Двадцать шестого апреля Герман Геринг объявляет о начале кампании по «передаче богатств». Каждый еврей, имеющий более пяти тысяч рейхсмарок, обязан под угрозой ареста сообщить об этом властям.
На следующее утро гестаповцы приходят в банк Эфрусси. Они три дня изучают документацию. Согласно новым правилам (установленным тридцать шесть часов назад) бизнес для начала должен быть продан любым акционерам-арийцам. Кроме того, его следует продать со скидкой. Герру Штейнхаусеру, коллеге Виктора на протяжении двадцати восьми лет, задают вопрос: желает ли он выкупить доли евреев?
Со дня несостоявшегося плебисцита прошло всего шесть недель.
Да, говорит он в послевоенном интервью, рассказывая о своей роли в банке, разумеется, он выкупил эти доли. «Им ведь нужны были наличные для уплаты Reichsfluchtsteuer, налога на бегство из Рейха… Они предложили мне срочно выкупить свои доли, потому что это был самый быстрый способ получить наличные. А цена, которую Эфрусси и Винер получили за выход из бизнеса, была ‘совершенно адекватна’… Она составила 508 тысяч рейхсмарок… плюс, разумеется, 40 тысяч арианизационного налога».

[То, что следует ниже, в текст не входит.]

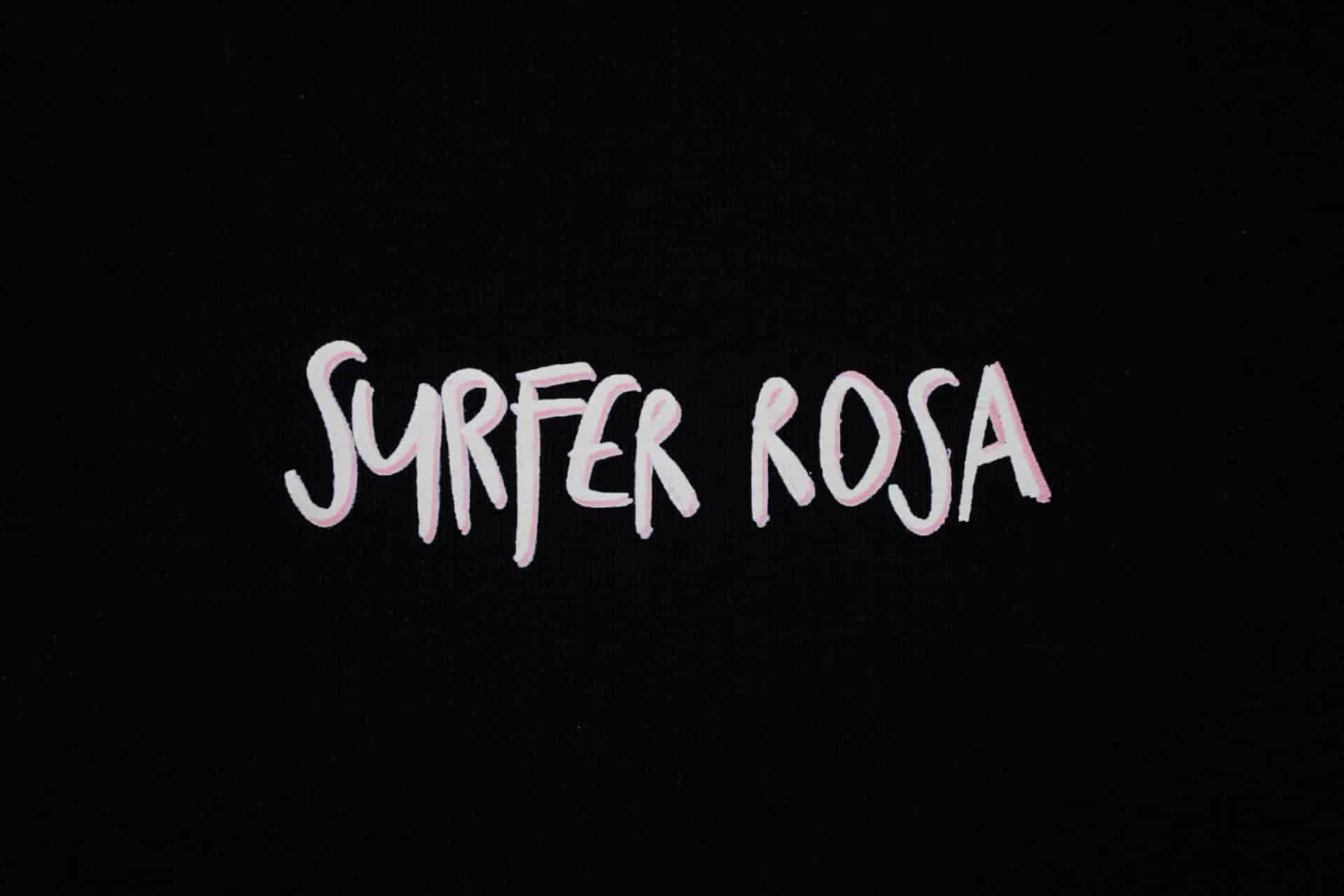 T-Shirt Surfer Rosa - miniatura 4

Итак, 12 августа 1938 года «Эфрусси и компания» вычеркивается из реестра юридических лиц. В записях стоит одно-единственное слово: УНИЧТОЖЕНА. Спустя три месяца ее название меняется на Bankhaus СА Steinhausser. Под этим новым названием активы компании заново оцениваются, и на сей раз, при владельце-нееврее, стоимость их оказывается в шесть раз выше, чем была при евреях.
В Вене нет больше ни дворца Эфрусси, ни банка Эфрусси. Сама фамилия Эфрусси словно стерта из истории города.
Как раз в этот приезд я отправляюсь в венский еврейский архив — тот, что попал в руки Эйхмана, — чтобы уточнить кое-какие подробности одной записи о браке. Я пролистываю гроссбух в поисках Виктора — и вижу красный оттиск поверх его имени. На печати новое имя — «Израиль». Один из указов предписал всем евреям взять новые имена. И кто-то проделал немалую работу, прикладывая к каждому имени в списках венских евреев эти печати: поверх мужских имен ставилось «Израиль», поверх женских — «Сара».
Я ошибался: семья не вычеркнута из истории, а переименована. И почему-то именно это вдруг вызывает у меня слезы.
«Годен для одной поездки»
Что нужно Виктору, Эмми и Рудольфу, чтобы покинуть Остмарк, Восточную марку Рейха? Они могут сколько угодно стоять в очередях, выстроившихся к многочисленным посольствам или консульствам — ответ всюду один: квоты уже закончились. В Англии уже столько беженцев, эмигрантов, попавших в нужду евреев, что она еще много лет не намерена выдавать разрешений на въезд. Эти очереди становятся опасными, потому что их патрулируют эсэсовцы и полиция — а они настроены далеко не дружелюбно. Стоящие в очередях ощущают постоянный страх: а вдруг тебя затолкают в один из этих полицейских грузовиков и увезут в Дахау?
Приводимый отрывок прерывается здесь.